Berlino è un festival di ritorni. Il regista iraniano Rafi Pitts era già passato per queste parti nel 2006 con It's Winter, e il suo nuovo The Hunter, racconta ancora una volta a un personaggio sradicato violentemente dalla sua quotidianità e costretto a fare i conti con una perdita incolmabile. Dramma politico, dalle tinte thriller, il film si incolla ad Ali, ex detenuto di un crimine non specificato, costretto dal suo capo a lavorare la notte e quindi a non vedere mai la moglie Sara e la figlia Saba di sei anni. Il suo unico momento di personale quiete è quello della caccia, che lo intrattiene nei week-end, fino a quando la routine non viene spezzata dalla notizia che la moglie è stata accidentalmente uccisa in uno scontro a fuoco tra la polizia e dei protestanti. Distrutto dalla notizia, Ali si mette sulle tracce della figlia scomparsa, testando il disinteresse della polizia e delle istituzioni al suo ritrovamento, fino a quando non viene allertato della sua morte. L'ulteriore dolorosa perdita, genera nell'uomo una rabbia così profonda da uccidere due poliziotti, sparando con il suo fucile da una collina.

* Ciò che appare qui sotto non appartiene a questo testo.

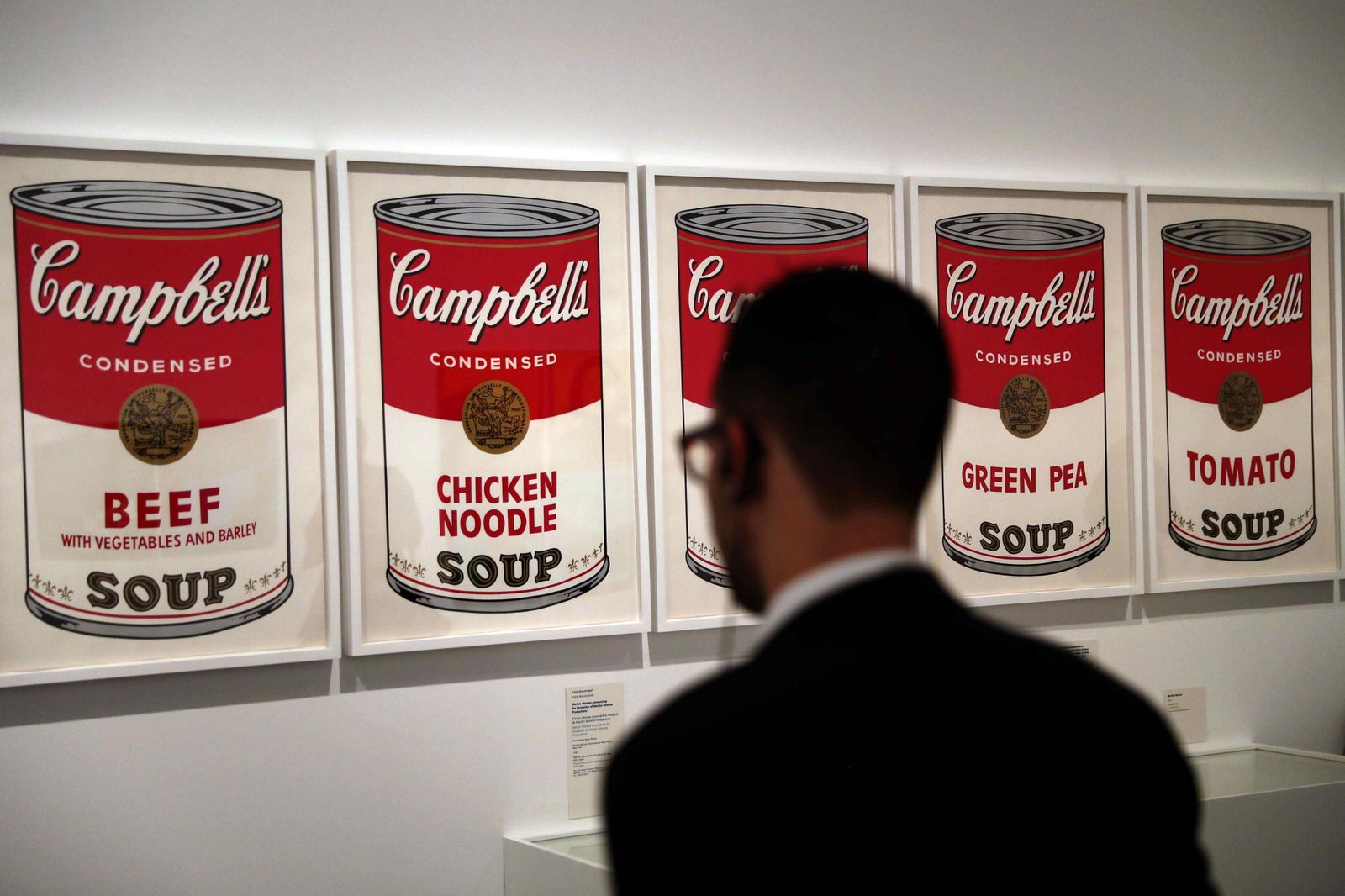 La obra 'La Sopa Campbell's' de 1968.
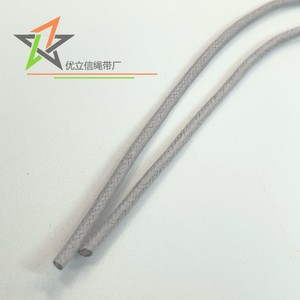 Optimal Pure Cotton Waxed <b>Rope</b> 2mm <b>Light</b> Gray Glossy Drawstring For Gift Box Packaging Binding - Product Image 2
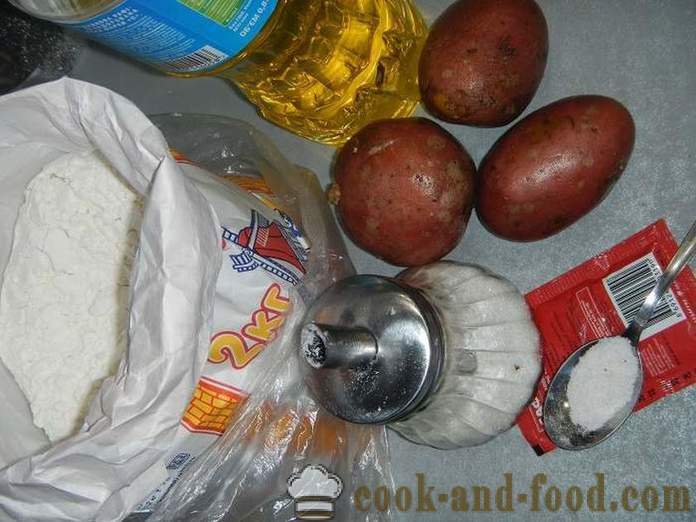 Kvasac kolači s krumpirom pržene u tavi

Nonostante alcune lungaggini e un certo ermetismo insistito, The Hunter è un film ricco di sorprese e di motivi di attenzione. Innanzitutto perchè getta uno sguardo duro e coraggioso sul nuovo corso dell'Iran, incrociando la storia di un uomo a cui è stato tolto tutto, con la situazione politica del paese, immediatamente successiva alle nuove elezioni politiche. In seconda istanza perchè capace di imporre un cambiamento sorprendente al racconto (anche sotto il profilo stilistico) con l'improvviso twist disperato che catapulta il protagonista nell'inferno della fuga dalla polizia, in un silenzioso e ineluttabile percorso verso la sua fine.

La sterzata impressa al racconto, dal momento in cui Ali viene catturato, all'interno di una foresta è di quelle che rimangono impresse, al di là di certe derive autoriali un pò insistite. Costretto a confrontarsi con i due poliziotti che lo scortano, perdendosi nella foresta insieme a loro, Ali diventa il centro simbolico delle contraddizioni di un paese, le cui due anime sono impersonificate dal comportamento aggressivo e giustiziere dell primo e da quello garantista e comprensivo del secondo. Ma l'apparente umanità del secondo poliziotto, più giovane e democratico, nasconde un'ombra che alla luce del potente colpo di scena conclusivo, getta un'ombra politica provocatoria sul nuovo Iran.